Material to process -
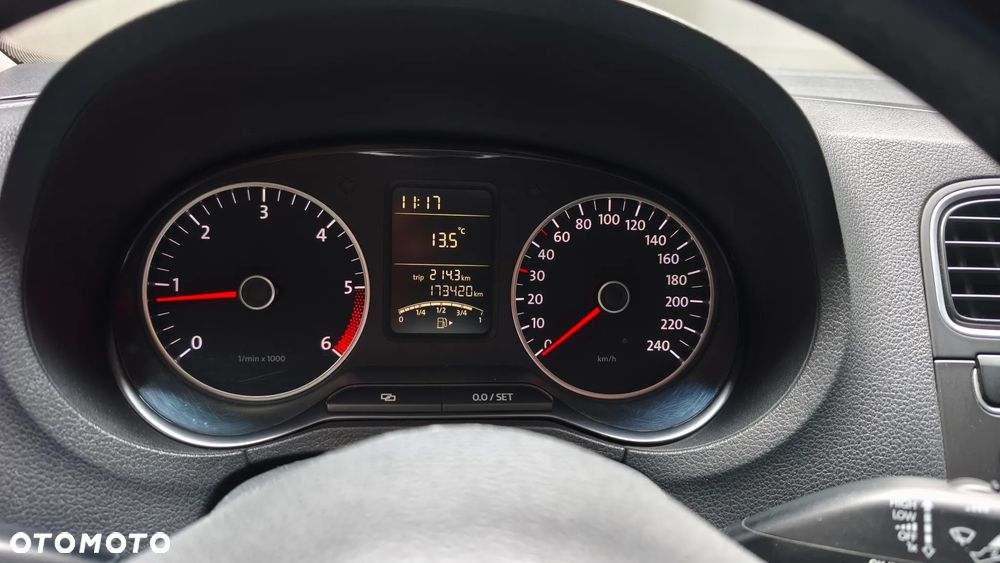 Volkswagen Polo - 23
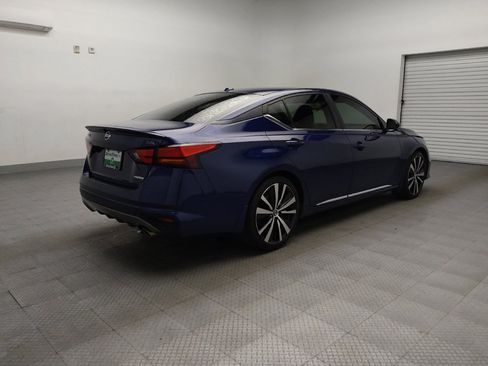 Used 2019 Nissan Altima 2.0 SR image 9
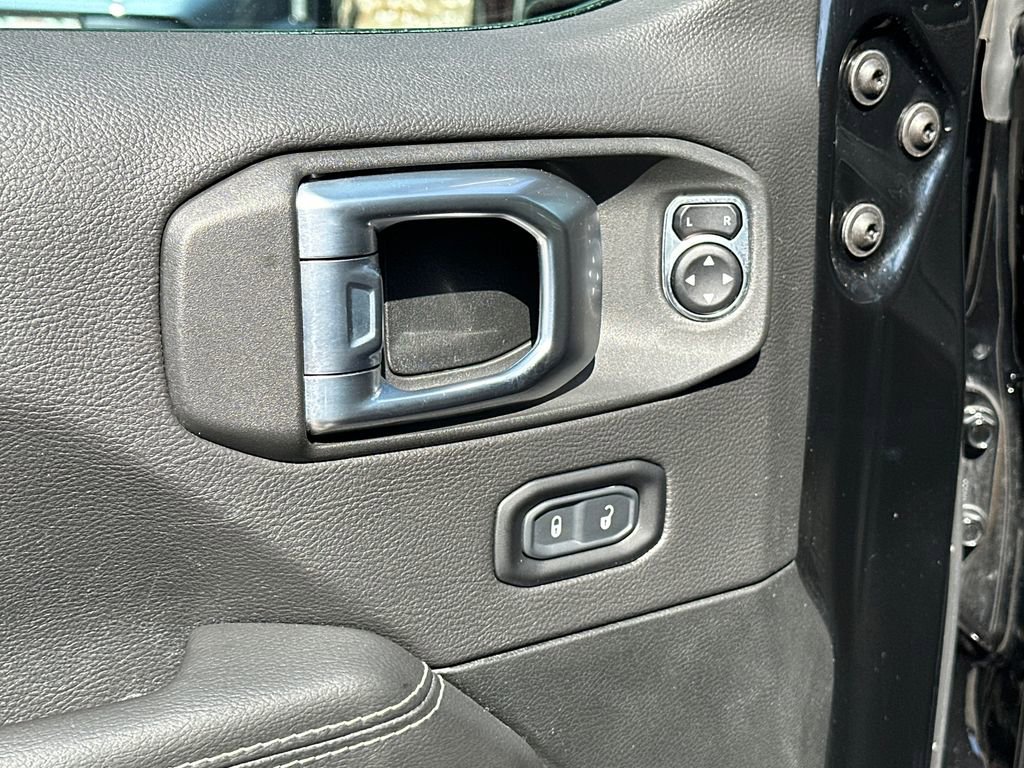 Used 2023 Jeep Wrangler Unlimited Sahara w/ Cold Weather Group AWD/4WD image 16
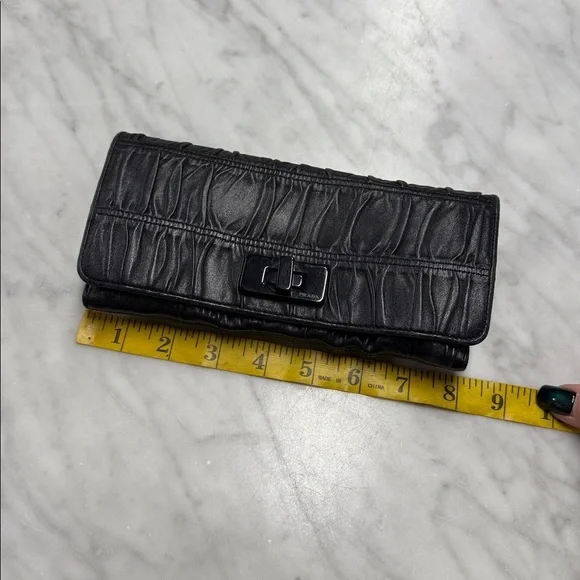 Prada Black Leather Gaurfre Pleat Wallet - Picture 12 of 14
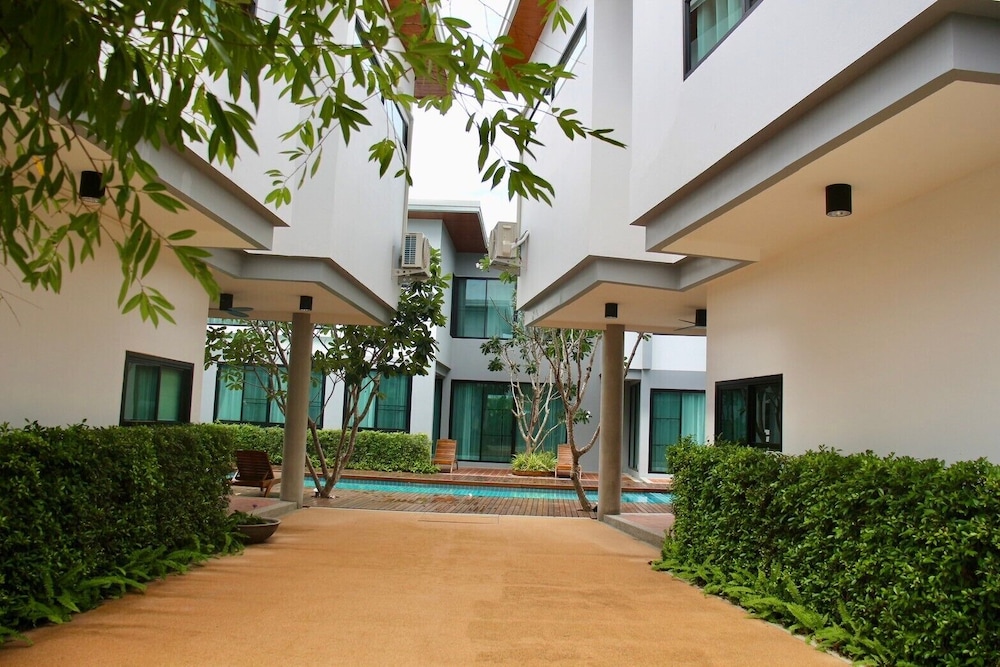 Chic Villa 6 56/61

What to do -
Please set down each entry word for word, without its images.

Written answer -
 Volkswagen Polo - 23
 Used 2019 Nissan Altima 2.0 SR image 9
 Used 2023 Jeep Wrangler Unlimited Sahara w/ Cold Weather Group AWD/4WD image 16
 Prada Black Leather Gaurfre Pleat Wallet - Picture 12 of 14
 Chic Villa 6 56/61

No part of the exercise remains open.